Anfang 2006 begeisterte der Kanadier Ray Bonneville, gui, perc, harp in Begleitung eines Schlagzeugers mit seinen Blues-Roots. „Sax“ Gordon Beadle, der rockige Horn-Man, wurde von seinen Musikerfreunden dem West Coast-Gitarristen Alex Schulz, dem Rising Star an der Hammond-Orgel Raphael Wressnig und dem drummer Lukas Knöpfler begleitet. Was leider selten der Fall war, scheint an diesem Abend so gewesen zu sein: “Auffallend viele Musiker aus ganz Franken waren in die Jegelscheune gekommen, um den Jazzgitarristen Alex Schultz zu hören“, NN, 17.3.2006. Noch mehr Bluesrock gab es mit Bugs Henderson und beendet wurde das Frühjahr von Chris Farlowe & Norman Beaker Band. 

Javier Vargas

Erstmalig bei uns die fabelhafte Vargas Bluesband, die ab sofort aus Wendelstein nicht mehr wegzudenken war. Scottie Blinn und seine Mississippi Mudsharks traten dieses Mal als Trio auf.Memo Gonzales brachte „300 Pfund TexMex Dynamit“ und unbändige Spielfreude auf die Bühne, die er gemeinsam mit seinem imposanten Bassisten Erkan Özdemir und dem fabelhaften Gitarristen Kai Strauss nahezu  zum Wanken brachte.  „New Orleans meets Wendelstein“ hieß es im November mit dem Stargast Leroy Jones, der neben Wynton Marsalis, Nicholas Payton (s.Festival) und Terence Blanchard (s. Festival) zu den führenden Trompetern gehörte.

2007/ 2008

Erstauftritte in diesem Frühjahr 2007 hatten mit italienischer Canzone die hinreißende Band SULUTUMANA sowie die kanadische Sängerin Rita Chiarelli mit „einer Stimme, so fantastisch, dass sogar die Engel weinen“. Im Herbst war es der aus Mali stammende Mamadou Diabate, der Musik mit der Kora, einer Art afrikanische Harfe, mitbrachte. Ende Oktober bis Ende November hatten wir wieder das Vergnügen mit guten „Alten Bekannten“: Egidio Juke Ingala, The Holmes Brothers, die Blues Company, Michael de Jong und der Singer/Songwriter Paul Millns mit Butch Coulter

Als „Ausweichquartier“ gab es nun die Eventhalle „Im Löhleins“, in der Konzerte während des Festivals stattfanden, aber auch Veranstaltungen, die einen größeren, aber dennoch besonderen Rahmen verlangten. Am letzten Märzwochenende traten dort die Dirty Dozen Brass Band aus New Orleans auf und zu Ehren von Jimi Hendrix, der am Tag des Auftritts 65 Jahre alt geworden wäre, die Band of Gypsies Reloaded mit dem Gitarristen Jean-Paul Borelly, der Schlagzeugerin Cindy Blackman und dem Bassisten Melvin Gibbs. Bei diesen Namen war klar, dass es sich hier nicht um eine Hendrix Revival Band handelte, sondern um ein großartiges Trio Projekt, bei dem Funk, Heavy Rock und Jazzfusion auf kongeniale Art zusammentreffen. Im Herbst folgte das sensationelle Konzert mit den Yardbirds, drei Generationen (knapp bemessen) auf der Bühne, drei Generationen davor. Dieses Konzert war ein ein großes Vergnügen.
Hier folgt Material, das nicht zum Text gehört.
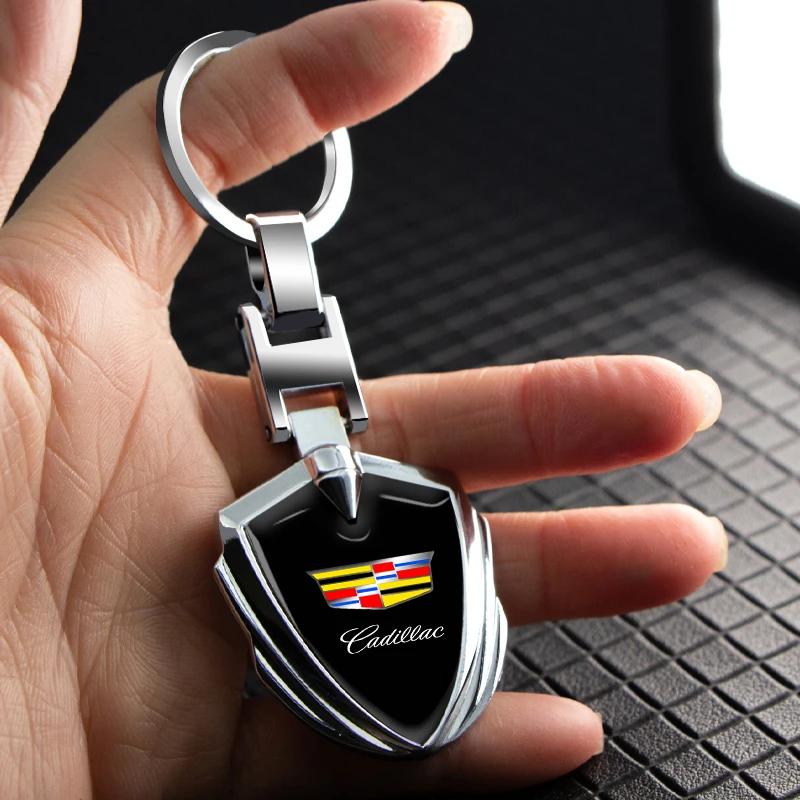1pcs Car Accessories 3D Metal Keychain Shield Shape Keychain for Cadillac ATS BLS CT4 CT6 CTS ESCALADE STS XLR XT4 XT5 XTS SLS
Im Frühjahr 2008 gab es anscheinend – man glaubt es kaum – nur 6 Konzerte, die ich mit den Attributen, die Gerd zur Ankündigung benutzt hat, beschreiben werde. Bei diesem Namen schnalzen Kenner mit der Zunge: Mick Pini. A real braveheart: Graeme Lockhart, ein besonderes Erlebnis, ein traumhafter Abend. An acoustic adventure with Steve Wynn, nach dem Motto, es muss nicht immer Blues sein, aber gute Musik. The wonderful music of Astor Piazolla mit Tangologica. Und… Die Sensation im kleinen Club: The Blues Band, selbstverständlich mit allen fünf Gründungsmusikern. In den Herbstwochen gab es zwei Veranstaltungen, die vollkommen aus der Reihe tanzten: ein bairisches Gesangskabarett sowie ein Wiener Liederkabarett. An beide habe ich keinerlei Erinnerungen.

Devon Allman und Hukes

Umso mehr hinterließen die zehn Konzerte, die der bewährten Auswahl entsprachen, einen nachhaltigen Eindruck. Devon Allman, der Sohn von Gregg Allman trat mit seiner Honeytribe-Band im Saal des Jugendtreffs auf. Es war der Beginn seiner europäischen Karriere und die erste Deutschlandtour. Ich bin bis heute ein großer Fan von Devon Allman. Seine Stimme hat sich im Lauf der Jahre immer mehr entwickelt und seine Musikerpersönlichkeit fand sicherlich einen Reifegrad als Mitglied der Southern Royal Brotherhood, die wir auf ihrer ersten Tour in Winterbach bei Stuttgart erlebt haben. Später trafen wir Devon mit seinen eigenen Projekten im Hirsch in Nürnberg wieder.

Eric Bibb Widmung

Nach dem „American Music Club“ traten im Oktober noch Christian Willisohn & Lillian Boutté auf. Der immer spielfreudige Chris Jagger und der furiose Boogie- und Rock’n Roll-Pianisten Ben Waters brachten die Jegelscheune zum Beben. UND - Ganz groß! Eric Bibb im kleinen Club! Hier nannte er Gerd in seiner Widmung „brother Gerd“. Gewissermaßen ein „Ritterschlag“, den Gerd mit Freude annahm.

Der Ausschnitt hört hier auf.